I'm 5 years post T1 diagnosis at age 43. Positive antibodies on 2 of the tests and hba1c of 147

I was asked to go on a trial so I've had my c peptide tested a few times after a glucose drink. Unfortunately testing stopped in 2020 with covid but I was still producing some insulin but with a "sluggish" pancreas. Basically they'd give me the 60g glucose drink, take bloods every 15 mins and on the last blood test of the 2 hours my pancreas would wake up

My insulin requirements haven't really changed and I'm still struggling with mid afternoon hypos which suggests that my sluggish pancreas is still kicking out something. I'd rather it didn't because the glucose needed to sort the hypos is making me put on weight.

Oddly when I was diagnosed one of the nurses said they'd had a run of people in their 40s and were asking if we'd any memory of a virus in the 12 months before. I'd been as healthy as I'd ever been in the years prior to diagnosis which was depressing
 
Also I do wonder if there is a genetic susceptibility which is only really coming to light as general life expectancy improves. After all it's only 100 years since insulin was first extracted and prior to then T1 was a death sentence so genes weren't being passed on.

My blood sample disappeared off into a big data bank so no doubt that's being considered
 
I'm 5 years post T1 diagnosis at age 43. Positive antibodies on 2 of the tests and hba1c of 147

I was asked to go on a trial so I've had my c peptide tested a few times after a glucose drink. Unfortunately testing stopped in 2020 with covid but I was still producing some insulin but with a "sluggish" pancreas. Basically they'd give me the 60g glucose drink, take bloods every 15 mins and on the last blood test of the 2 hours my pancreas would wake up

My insulin requirements haven't really changed and I'm still struggling with mid afternoon hypos which suggests that my sluggish pancreas is still kicking out something. I'd rather it didn't because the glucose needed to sort the hypos is making me put on weight.

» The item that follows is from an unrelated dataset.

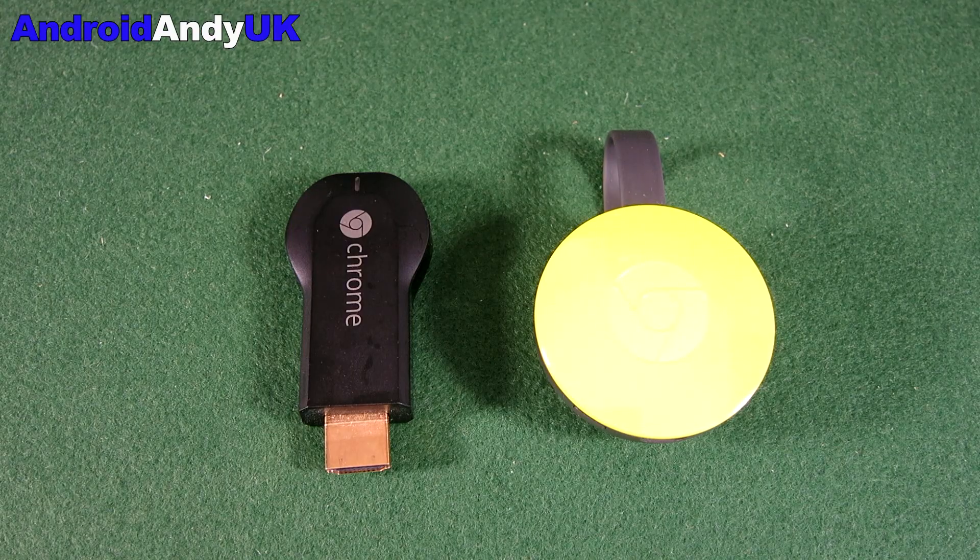I quite like it — it does seem quicker and faster and snappier. So for the small price that you pay, personally I've upgraded both of my Chromecasts, in the living room and in the bedroom. But if you want to, that's up to you. I've given you the figures and shown you the difference it makes. Let me know your thoughts in the comments down below. My name's Andy, I'll catch you all again soon.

Oddly when I was diagnosed one of the nurses said they'd had a run of people in their 40s and were asking if we'd any memory of a virus in the 12 months before. I'd been as healthy as I'd ever been in the years prior to diagnosis which was depressing

This is exactly the kind of input I was hoping for. I’d be interested to know more about this trial you participated in. What was the purpose of it and what criteria did they use for selecting participants? I’ll read the article you posted. Getting positive reviews I see.
 
I have just read all the above comments ( except any links) and some of it is above my cerebral level
However I will say that my wife was misdiagnosed with Type 2 and only after I kept querying it they double checked and said it was Type 1, this was 6 months after the initial diagnosis. During those 6 months she lost several stones in weight and I did think that it was cancer, but it was not.
In the relatively short time I have known about this condition ( it was and still is a steep learning curve) I have discovered that you have to ask questions of the medical profession and not take everything at face value.
eg At the annual check up the doctor said we should reduce the basal insulin from 16 to 14 units each morning, we tried it for 2 to 3 weeks and the average level within range went down to 30 to 40%. So I made the decision to put it back up to 16 units and the level within range went up and is about 60 to 70% now and we are happy with that.
I will say that the nursing team at the local hospital are brilliant and always willing and ready to help and ALWAYS ring you back if you leave a message.
 
Apologies as I have not read all of the above comments. But I think autoimmune Type 1 (also LADA) is only now beginning to be more broadly diagnosed in adults and sadly many may have suffered trying insulin resistant Type 2 therapies for far to long. Personally, at age 51 I was lucky to have an endocrinologist at early diagnosis to test both GAD Abs and C-peptide levels so confirmed Type 1 early = endogenous insulin essential. But what makes my ongoing treatment difficult is that I also have Type 2 insulin resistant symptoms as soon as I have a few carbs and/or high protein. Fine-tuning my medication is a huge ongoing journey.